Community cohesion is positively related to effective collaboration, cooperation and operational efficiency when it comes to both crisis preparedness and recovery. It also facilitates decision-making processes and transfer of resources, given the shorter path lengths between actors (Lindelauf, Borm, & Hamers, 2009). Taking a flood as an example, we might want to consider actions aimed at increasing cohesion in the helping communities, given this has potential in increasing trust, reciprocity, commitment and shared values (Forrest & Kearns, 2001).

Network maps

The study conducted by the Joseph Rowntree Foundation, aimed at understanding how the lives of socially excluded people could be improved, is a good example of how network maps could be used to provide protection at the community level. Residents were asked to draw maps of their estates and use colour-coded stickers to illustrate where they took part in formal and informal activities in the neighbourhood and the spaces they frequented and the ones they did not. The maps illustrated visually safe spaces, dangerous places and where most of the activities of residents took place. As an interactive tool, they served as an instrument to intervene with the community, in order to understand why measures taken by government to improve poverty in these neighbourhoods were not yielding positive results.

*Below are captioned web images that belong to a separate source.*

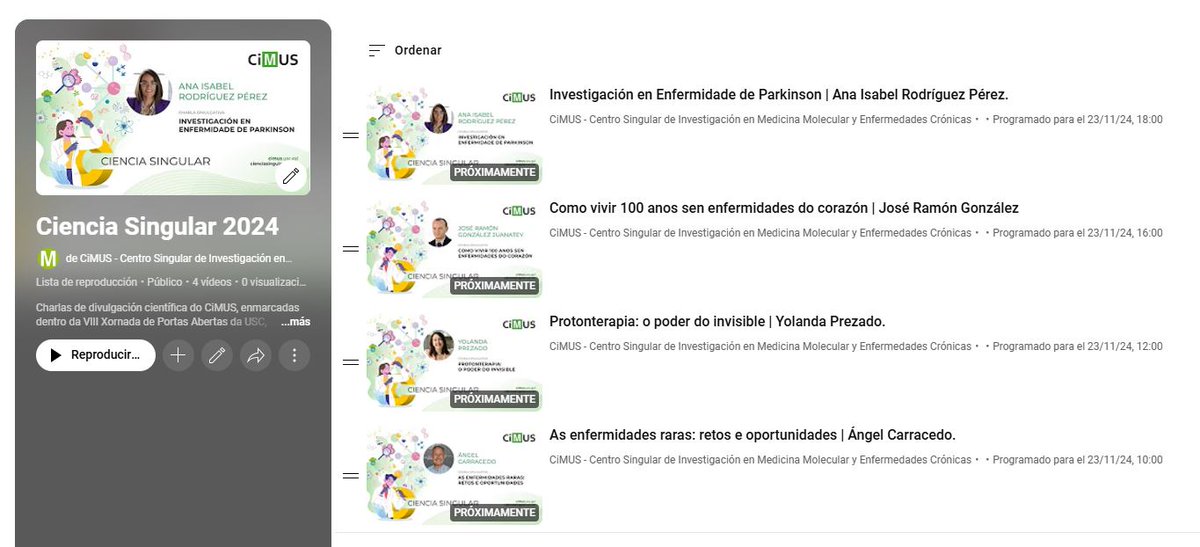 CiMUS (@cimususc) on Twitter photo Charlas para #CienciaSingular:
⏰ 10:00. Enfermidades raras. <a href="/GMXenomica/">GMXenomica</a>
⏰ 12:00. Protonterapia. Yolanda Prezado #Oportunius <a href="/axenciaGAIN/">Axencia Galega de Innovación</a>
⏰ 16:00. Como vivir 100 anos sen enfermidades do corazón. <a href="/JoseJuanatey/">José R. Juanatey</a>
⏰ 18:00. Investigación en Enfermidade de Parkinson. <a href="/Anai_rp/">Anairp</a> Charlas para #CienciaSingular:
⏰ 10:00. Enfermidades raras. <a href="/GMXenomica/">GMXenomica</a>
⏰ 12:00. Protonterapia. Yolanda Prezado #Oportunius <a href="/axenciaGAIN/">Axencia Galega de Innovación</a>
⏰ 16:00. Como vivir 100 anos sen enfermidades do corazón. <a href="/JoseJuanatey/">José R. Juanatey</a>
⏰ 18:00. Investigación en Enfermidade de Parkinson. <a href="/Anai_rp/">Anairp</a>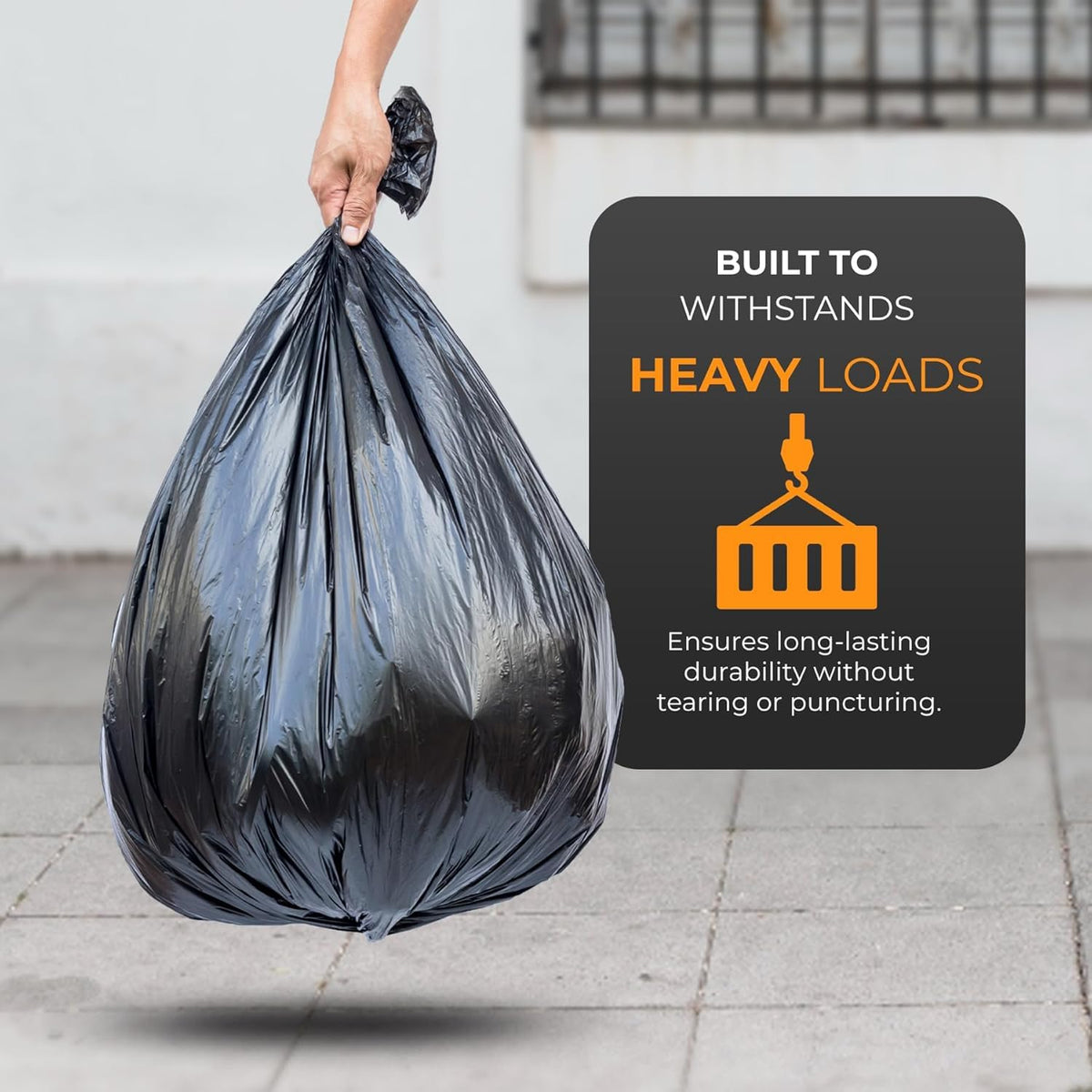 Roe Tenpo 100 Pack Heavy Duty Black Bin Bags – 100L, 33 μm Recyclable Refuse Sacks, Leak-Proof Bin Liners – Rubbish Bags for Kitchen, Home, DIY & Garden, Household, Office & Catering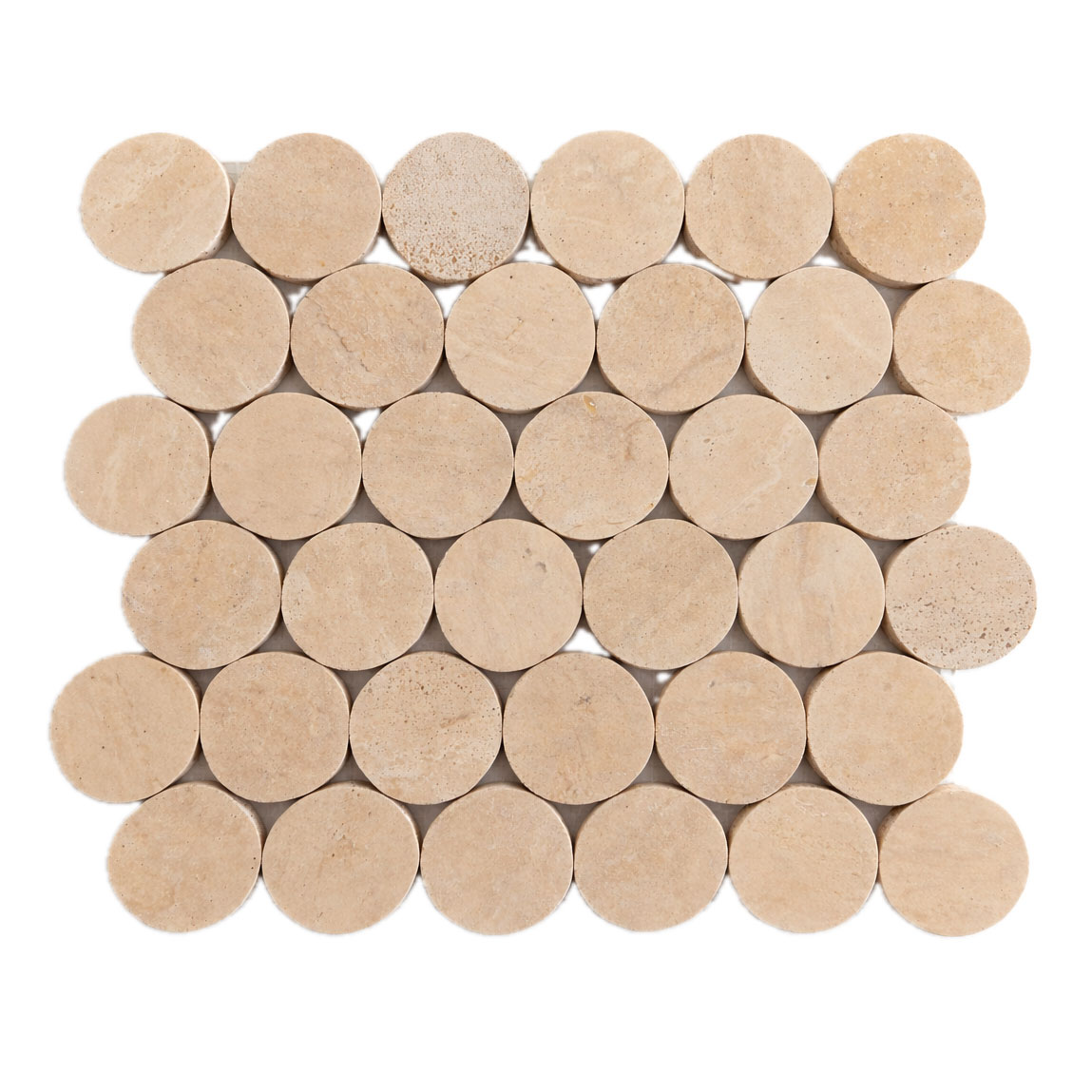 TRAVERTINE - 2X2 - PNNY RND - 11X12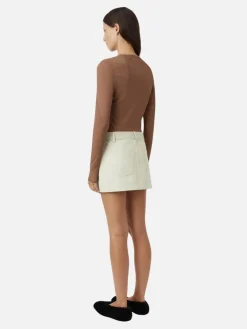 Hadley Coated Cotton Skirt - Lichen White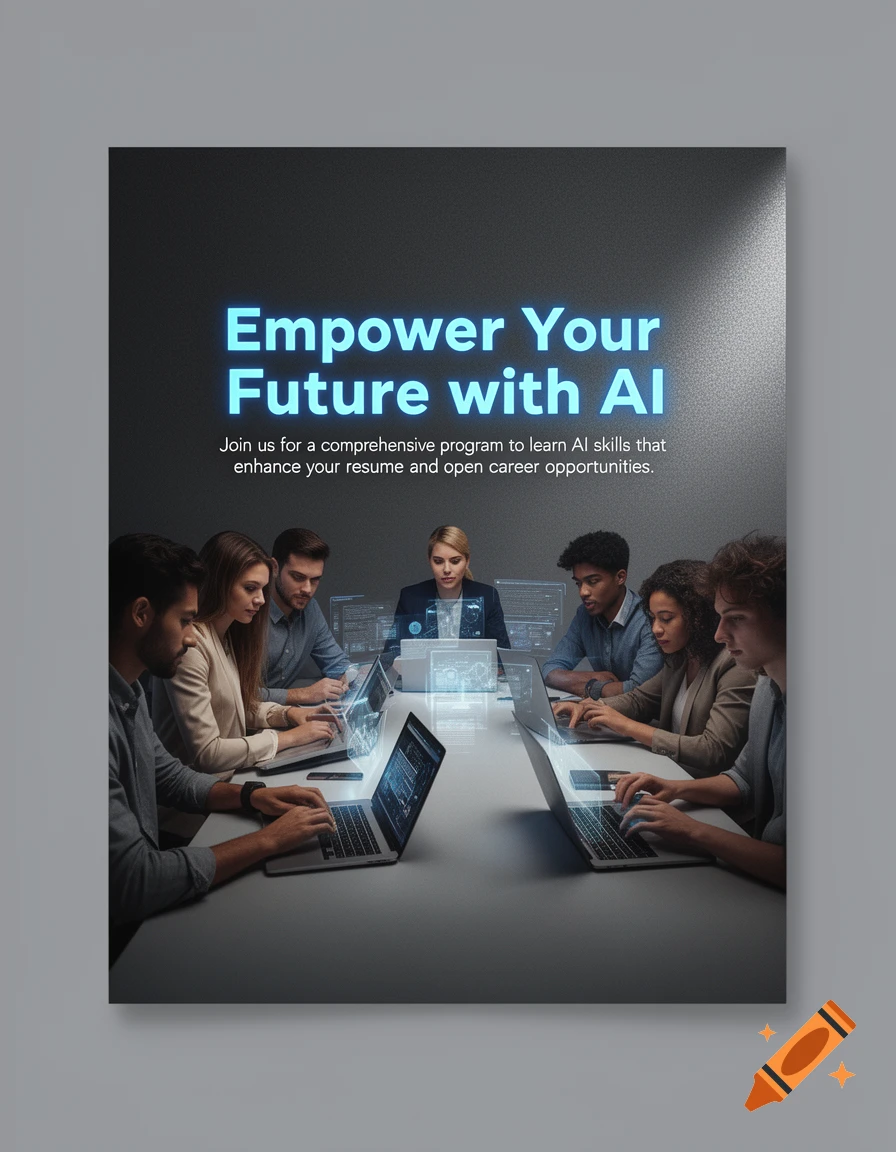 Diverse group of young adults working on laptops at a table, with holographic displays, promoting an AI learning program.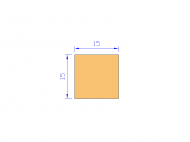 Perfil de Silicona P601515 - formato tipo Cuadrado - forma regular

Network maps are valuable in being a tool which allows interaction with the population, through a participatory process. Being a visual tool, they are easy to conduct and the results are developed by the community in real time. Similar to network visualisations, they also summarise a great variety of data in an image which is easily understood by the community under study.

Participatory processes, whereby community residents are able to identify risks, develop appropriate strategies and solutions and identify responsibilities to manage disasters could help locals’ preparedness for future disasters. Through network analysis, members of community can gain understanding of how their community operates. In locations which are notorious for floods, such maps can be used to understand where people tend to move during a crisis and which are the risky locations. So, on the one hand, the maps can be used a guide for people who do not know where to move, and on the other hand, they are useful in identifying the places where most people will move, so as to know where the support camps should be established during or following a crisis. As found by the study about civil wars in Uganda, the construction of landmarks would have enabled abducted victims to know where to escape (Baines & Paddon, 2012). While in this case, it would be difficult to use network maps with victims, and network maps could be used with people in such risks to enable them to learn how to orient themselves in unknown locations.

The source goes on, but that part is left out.